I recently came across a case where customer has an issue that the Load balancer of his cloud service is not working in round robin basis. He confirmed that by seeing more number of requests going to few instances whereas the other instances are getting very less number of requests. To analyse the issue, we have collected the IIS logs from all the instances( Customer has 7 instances) and when we parsed the logs, we could be able to confirm the same that 2 instances are getting very less number of requests than the other 5 instances.
How Load Balancer works?
Load balancer uses 5 tuple algorithm to distribute client requests by default. This algorithm is a 5 tuple (source IP, source port, destination IP, destination port, protocol type) hash to map traffic to available servers. It provides stickiness only within a transport session. Packets in the same TCP or UDP session will be directed to the same datacenter IP (DIP) instance behind the load balanced endpoint. When the client closes and re-opens the connection or starts a new session from the same source IP, the source port changes and causes the traffic to go to a different DIP endpoint.
If most of the load goes to a single instance, the number one reason is due to the testing client creating and reusing the same TCP connections.
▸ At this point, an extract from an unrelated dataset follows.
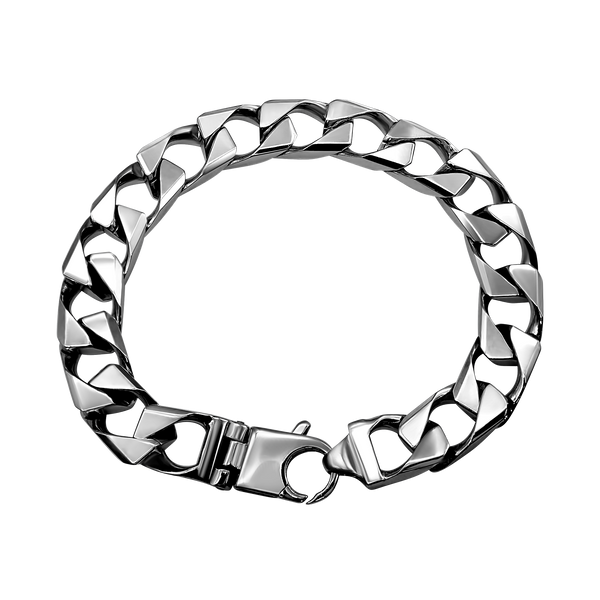Finished Men's Square Curb Bracelet in Sterling Silver Rhodium Finish (6.70 mm - 10.60 mm)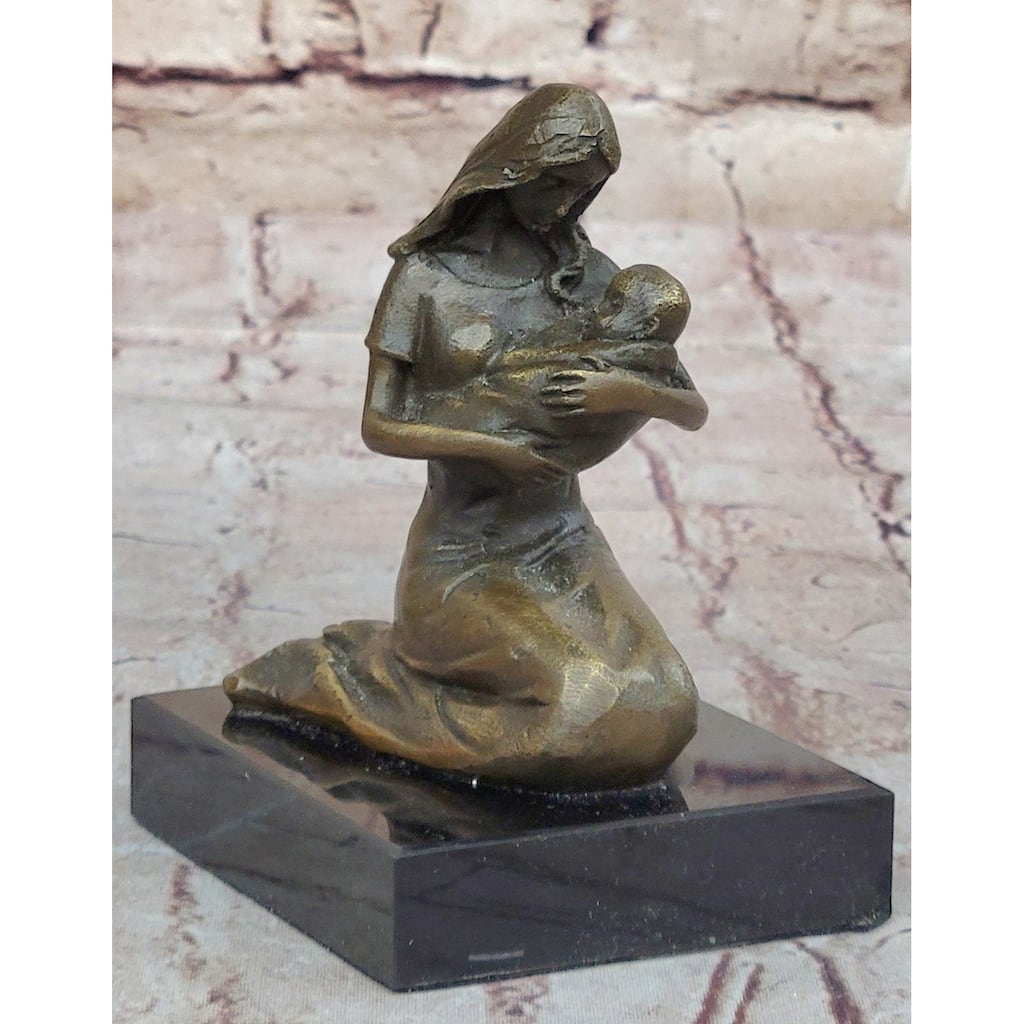Young Mother W/ Newborn Baby Bronze Sculpture Statue Figure Signed Art By Milo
The Azure loadbalancer does round robin load balancing for new incoming TCP connections, not for new incoming HTTP requests. So when a client makes the first request to the cloudapp.net URL, the LB sees an incoming TCP connection and routes it to the next instance in the LB rotation, and then the TCP connection is established between the client and the server. Depending on the client app, all future HTTP traffic from that client will may go over the same TCP connection or a new TCP connection.
In order to balance traffic across other Azure role instances the client must break the TCP connection and reestablish a new TCP connection. Load balancing HTTP requests would lead to existing TCP connections getting killed and new ones getting created. TCP process creation is a resource intensive process hence reusing the same TCP channel for subsequent HTTP requests is an efficient use of the channel.
If the client application is modified to make new TCP connection instead of HTTP requests (you can use multiple browser instances on the same client machine) then the TCP requests will end up on either Azure Instance in a round robin fashion.
So depending on how the clients are establishing TCP connections, requests may be routed to the same instance.
The Azure load balancer does round robin load balancing for new incoming TCP connections, not for new incoming HTTP requests.
By default, the BasicHttpBinding sends a connection HTTP header in messages with a Keep-Alive value, which enables clients to establish persistent connections to the services that support them. This configuration offers enhanced throughput because previously established connections can be reused to send subsequent messages to the same server.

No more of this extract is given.